And the highest data rates to date with the signal integrity requirements that accompany it. Got a piece of dust pushed down by your CPU cooler saddling two DIMM pins? Get ready for your machine to shred your data. And that's just a common simple scenario. I's be surprised if real world error rates in nominal scenarios won't be higher than with DDR4.
And again still likely be right. 10 years ago consumer electronics marketing never included signal integrity stuff like eye diagrams but now pretty much every nvidia announcement with a new memory standard does. We're really pushing ever closer to channel bandwidth limits and corners that could be cut in the past can no longer be cut. ECC is more important than ever.
That's not the type of ECC the parent was talking about. That's because the densities and clock rates are so high for DDR5 that it needs ECC to function properly, but like most standards the minimal implementation is really quite watered down. It doesn't correct the entire range of bitflips that a server with ECC RAM does.
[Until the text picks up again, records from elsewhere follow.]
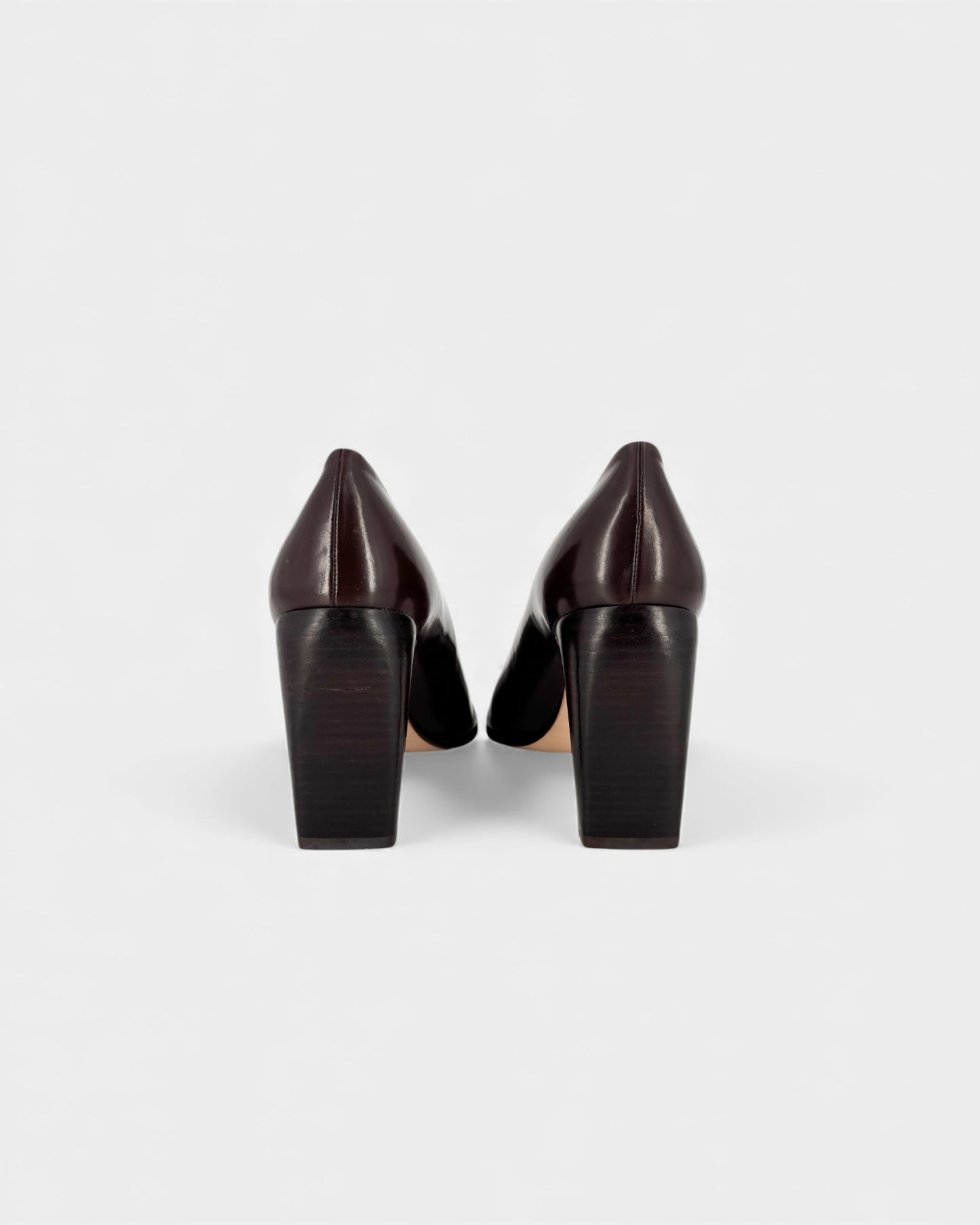 Escarpins en cuir chocolat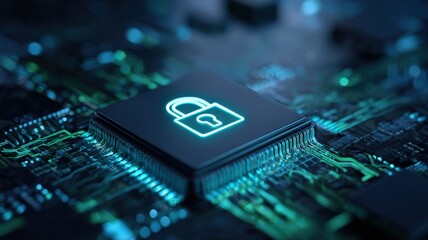 Cybersecurity Microchip with Lock Icon Illuminating Hi-Tech Circuitry, Representing Digital Security and Data Protection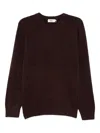 Altea Classic Brown Long Sleeve Crew-neck Sweater In Burgundy
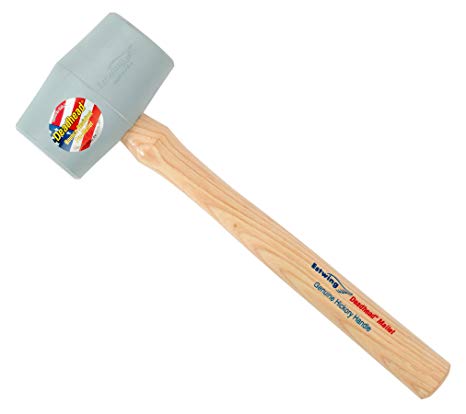 Estwing Deadhead Rubber Mallet - 18 oz No-Mar Hammer with Bounce Resistant Head & Hickory Wood Handle - DH-18N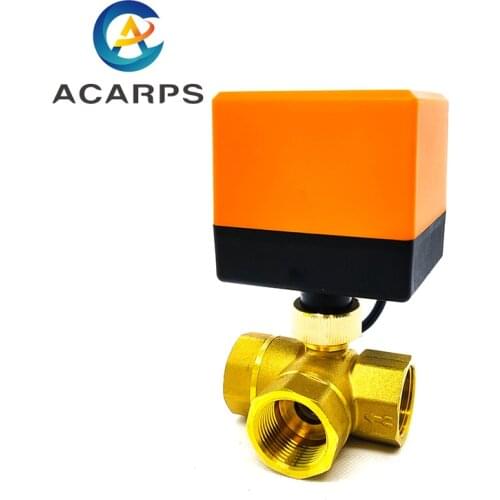 3/4" Brass Electric Ball Valve Three-Wire Three-Way Air Conditioning Floor Heating Water Tower Switch Valve 220 24 12V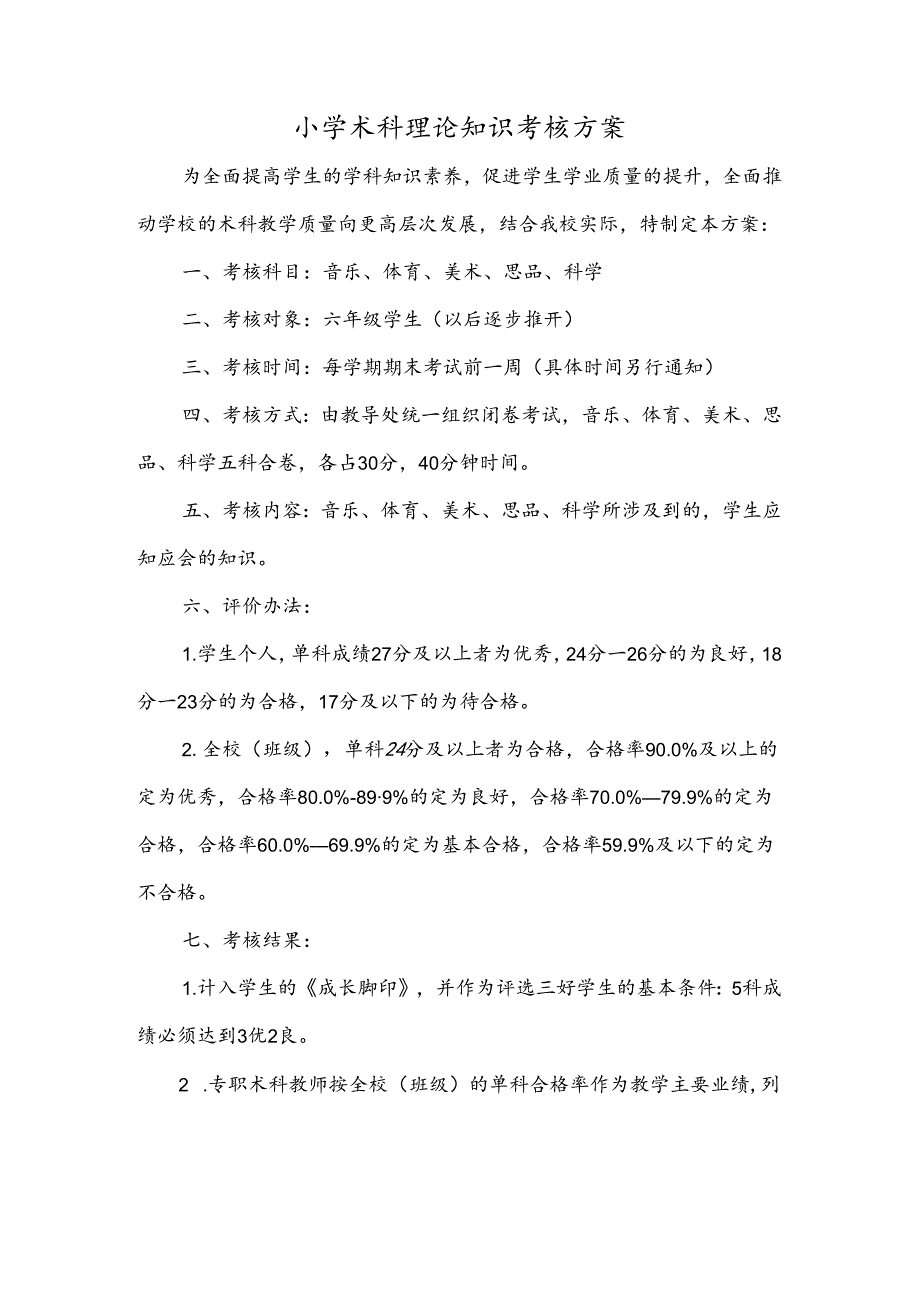 小学术科理论知识考核方案.docx_第1页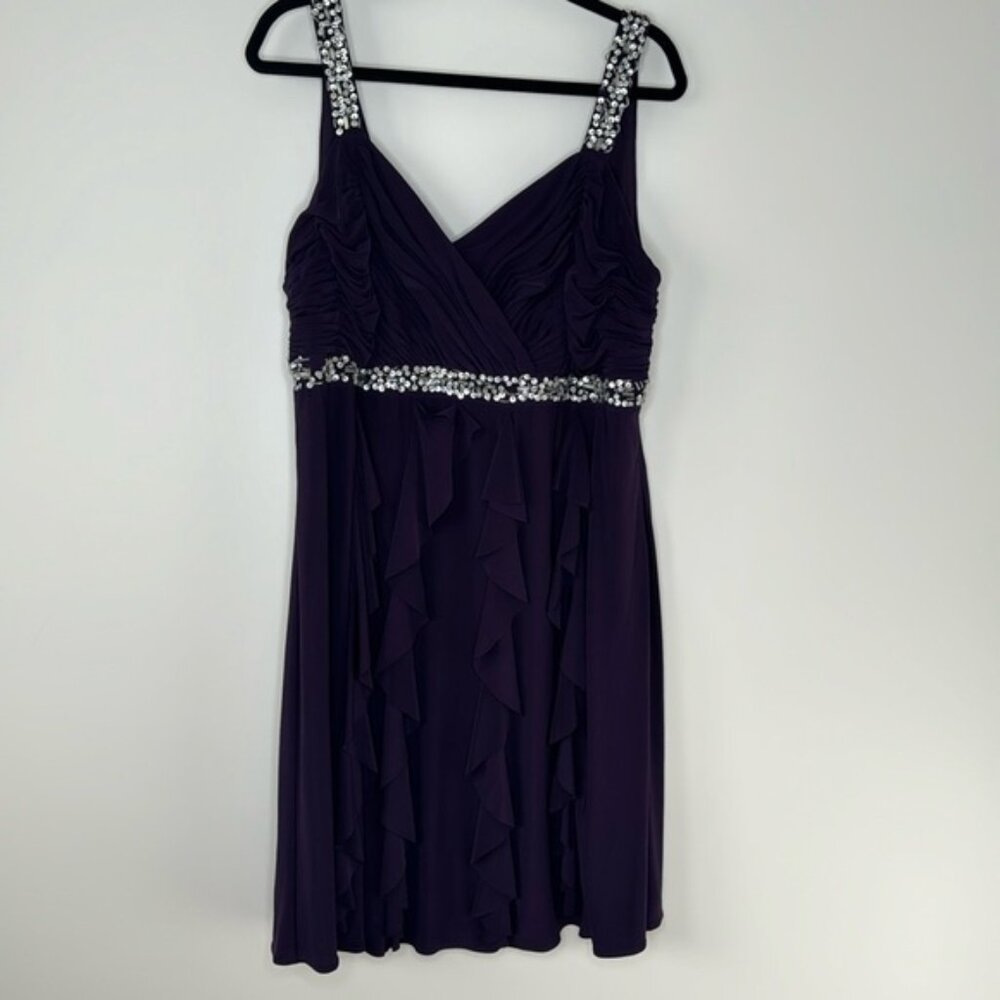 Dressbarn Collection Women Purple Sequin Flowy Cocktail Party Dress Plus Size 16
Disagree. Parent was discussing the need to reboot after a system has been on for a long number of hours. The failure mode, assuming it's related to the DRAM, would be an accumulation of bit-flips in the DRAM. Every memory has some FIT/Megabit rate. The on-die ECC added in DDR5 spec will be highly effective in addressing this failure mode.
Channel ECC is the ECC type most directly relevant for high clock rates and signal integrity aspects. I agree with you that Channel ECC becomes a practical requirement to meet the interface transaction rates of DDR5. It is also true that channel ECC is not mandatory in DDR5 and is not implemented by mainstream CPU platforms (like previous DDR generations).
If the on-die ECC reduces the error rate but the lack of standard channel ECC increases the error rate, because of the much more demanding signals, then it's not clear at all that the overall rate of error will lower.
In fact it could very well be higher depending on how the physical module is designed.
I imagine some portion of bit-flip induced reboots are due to the actual DRAM chips, but also some portion will be due to everything else that can bit flip both on the memory module itself and in the interconnect.
I haven't seen anything yet to say that DRAM chip bit flips will be in the majority.
It's never been clear to me if the ECC is necessary for DDR5 to operate, or just a nice feature. Do you or any other readers happen to know the answer?